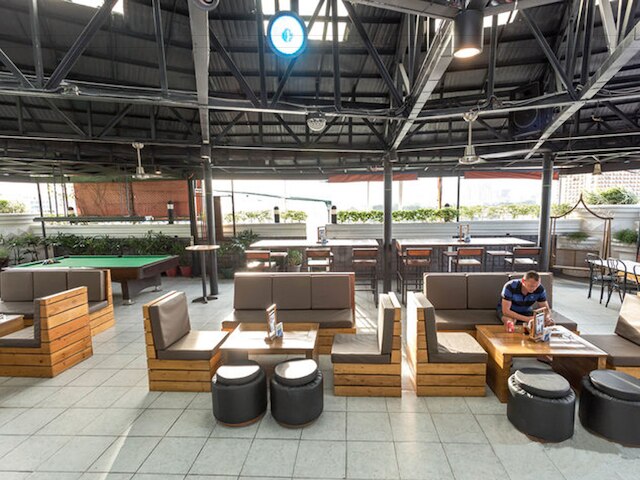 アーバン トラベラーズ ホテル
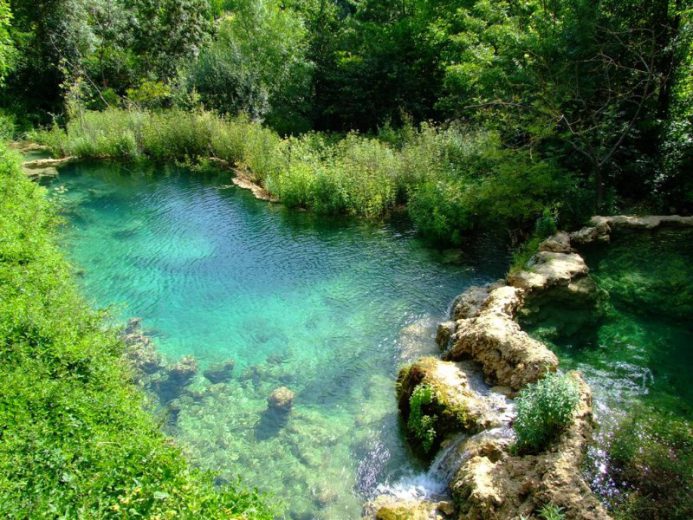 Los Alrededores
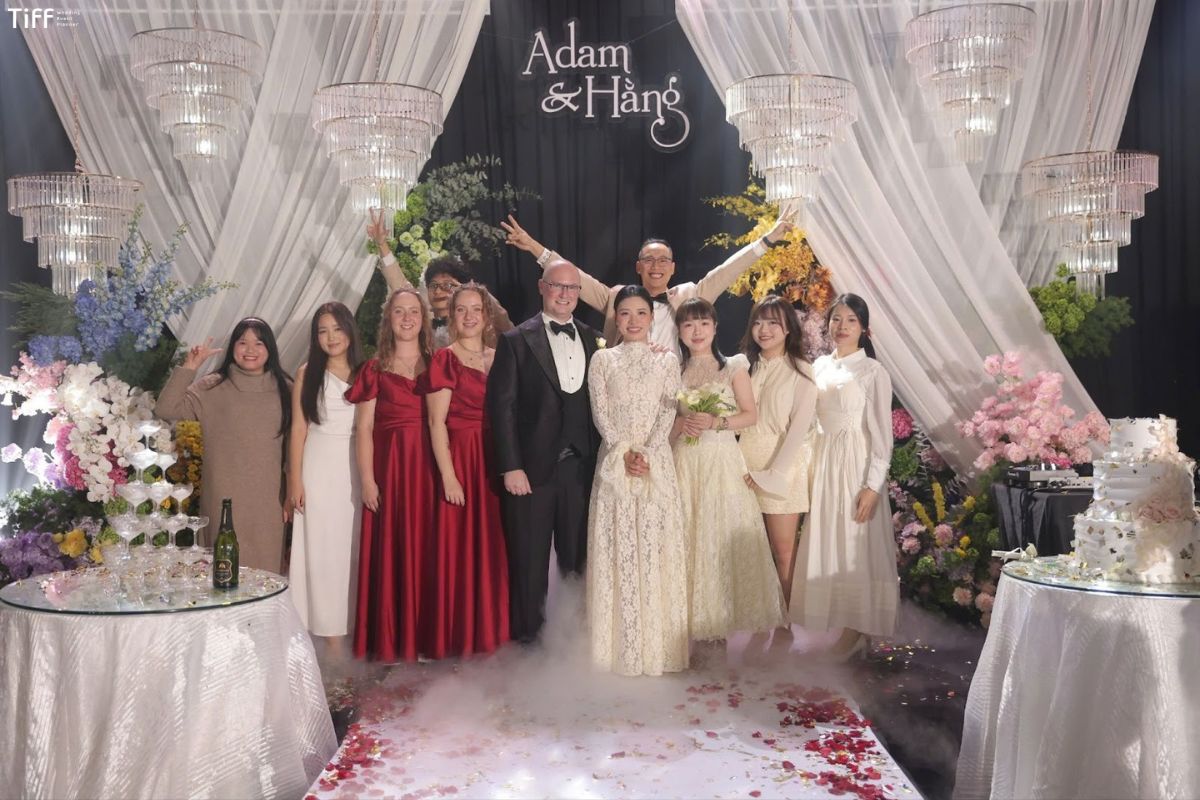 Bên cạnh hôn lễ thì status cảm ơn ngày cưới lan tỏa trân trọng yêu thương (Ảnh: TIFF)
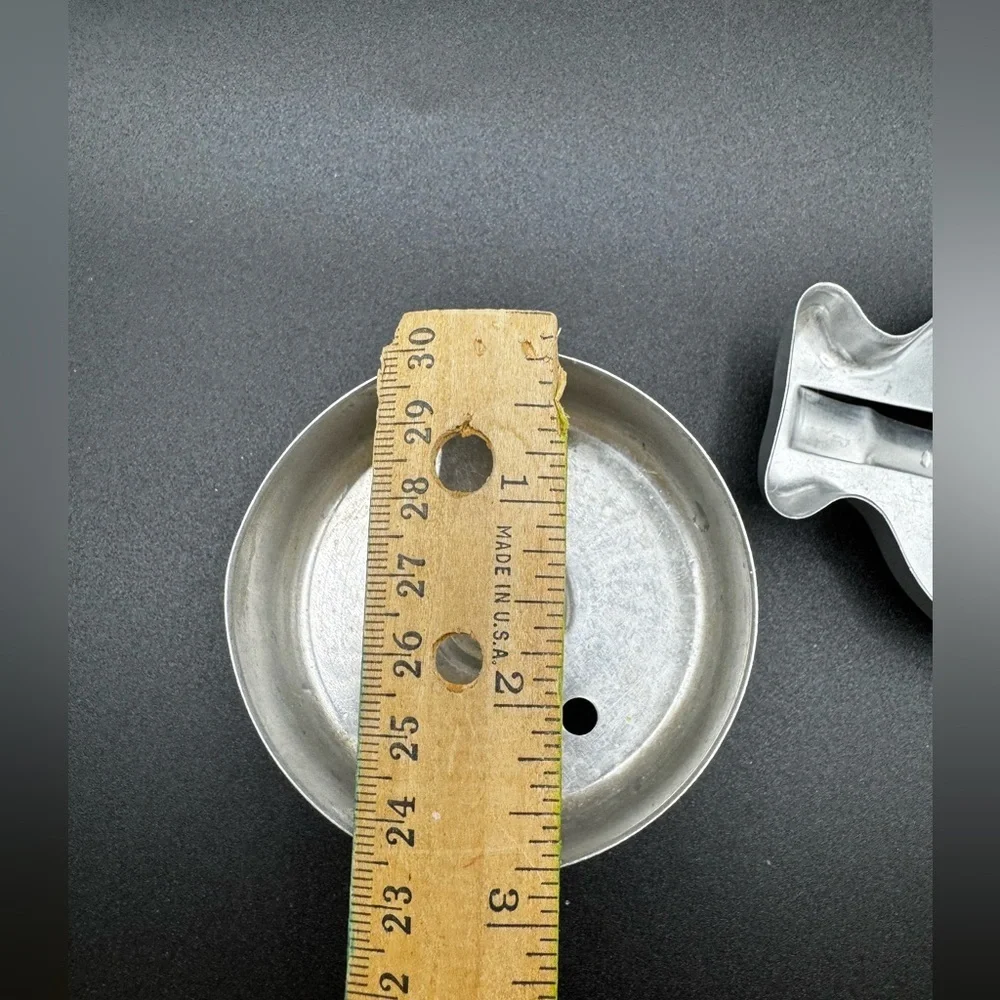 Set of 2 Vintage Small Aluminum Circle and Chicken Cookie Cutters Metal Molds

================

AIM OF THE TASK —
Pictures aside, print every line of the material exactly.

TASK OUTPUT —
 アーバン トラベラーズ ホテル
 Los Alrededores
 Bên cạnh hôn lễ thì status cảm ơn ngày cưới lan tỏa trân trọng yêu thương (Ảnh: TIFF)
 Set of 2 Vintage Small Aluminum Circle and Chicken Cookie Cutters Metal Molds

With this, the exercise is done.